Пройдут годы, и в самый тяжёлый период своей жизни, незадолго до смерти поэт вновь вернётся к теме новогоднего праздника и к образу ёлки как напоминанию о вечности («Зимние праздники», 1959), но противопоставит её и прошлому, и настоящему, и будущему: «Будущего недостаточно, / Старого, нового мало. / Надо, чтоб ёлкой святочной / Вечность средь комнаты стала». И хотя ёлка по-прежнему олицетворена, но нет в ней ни прелести, ни великолепия, ни избранности, как в «Вальсе со слезой». Сейчас она «трубочиста замаранней», «напыжилась барыней», и, как её ни наряжай, «кажется дерево голым и полуодетым». Исчезает и безудержное веселье, как в «Вальсе с чертовщиной»: «Ночь до рассвета просижена» (без танцев), лица каменные, губы сердечком (не улыбаются), в доме храп до обеда — атмосфера будничная, безрадостная. И даже солнце «село, истлело, потухло». Это было печальное прощание с когда-то светлым и праздничным образом.
После Пастернака русские поэты не раз будут обращаться к теме новогодней ёлки, иногда отталкиваясь и полемизируя с ним, иногда продолжая его и перекликаясь с ним. Так, Булат Окуджава своё «Прощание с новогодней ёлкой» (конец 60-х годов) тоже начинает с любования её красотой, выбирает похожий дактилический размер («Синяя крона, малиновый ствол…») и также одушевляет героиню, говоря с ней на «ты»: «Мы в пух и прах наряжали тебя, / Мы тебе верно служили, / Громко в картонные трубы трубя, / Словно на подвиг спешили». Иронически обрисованы «мы», кавалеры ёлки, — «утончённые, как соловьи, гордые, как гренадёры», предавшие свою даму. В «вечное празднество» неожиданно вплетается религиозный мотив в духе Пастернака, но не Рождества и святок, а распятия и воскресения: «Ель моя ель, словно Спас на Крови», «И в суете тебя сняли с креста, и воскресенья не будет». Одновременно возникает мотив утаённой любви, отсутствовавший у Пастернака. «Ель моя, ель — уходящий олень» сливается с женским «очарованным ликом» и оставляет «будто бы след удивлённой любви, вспыхнувшей, неутолённой».

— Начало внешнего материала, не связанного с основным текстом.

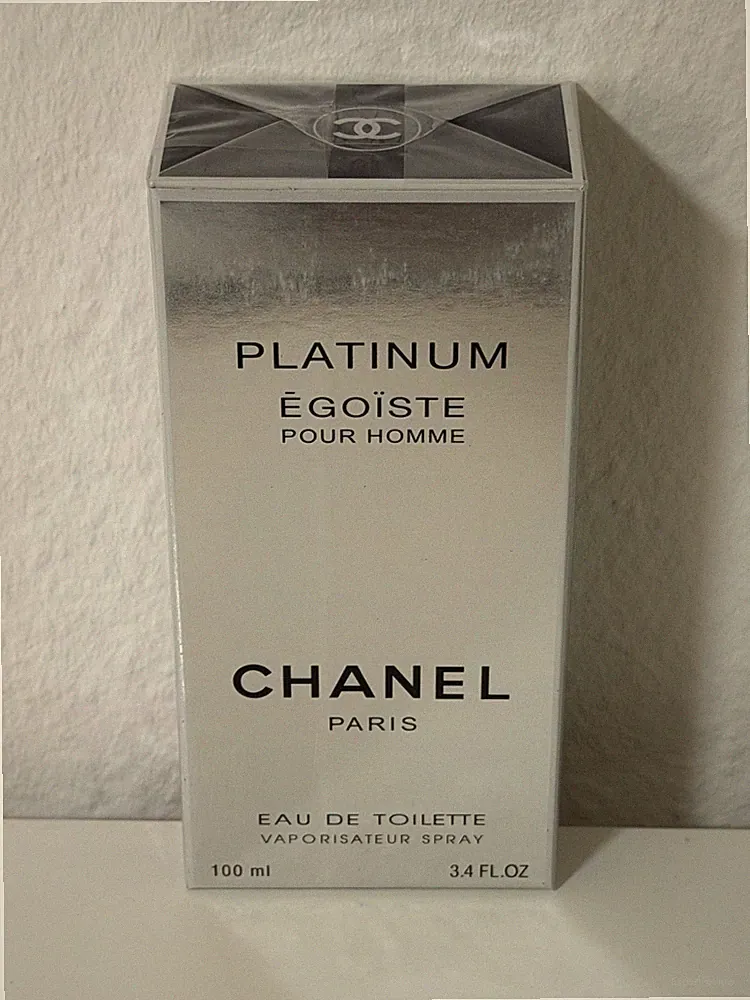 CHANEL Platinum Egoiste Eau de Toilette 100ml EDT Herren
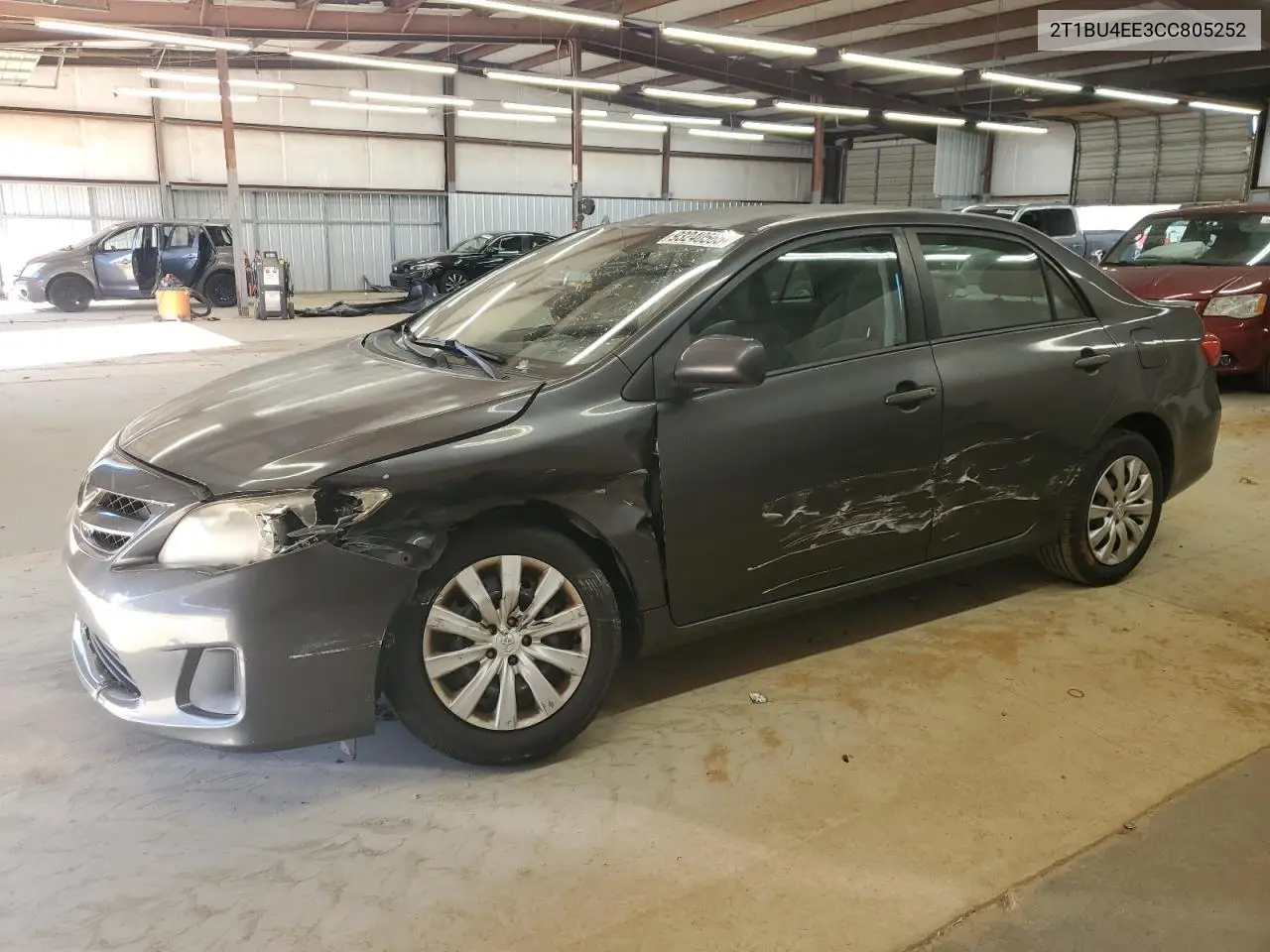 2T1BU4EE3CC805252 2012 Toyota Corolla Base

Продолжение новогодне-ёлочной темы находим у Юрия Левитанского в сб. «Кинематограф» (1970). Стихотворение «Как показать зиму» вначале кажется бытовой зарисовкой: женщина покупает на рынке ёлку и несёт её домой, но «ёлочкино тело» вздрагивает над худеньким женским плечом. И это живое существо стоит на балконе «как бы в преддверии жизни предстоящей». А в рождественскую неделю ёлка красуется «в блеске мишуры и канители», при свечах и «как бы в полёте» (ср. с пастернаковским «взмыть в потолок»). В финале мы видим ёлочку, «лежащую среди метели» во дворе.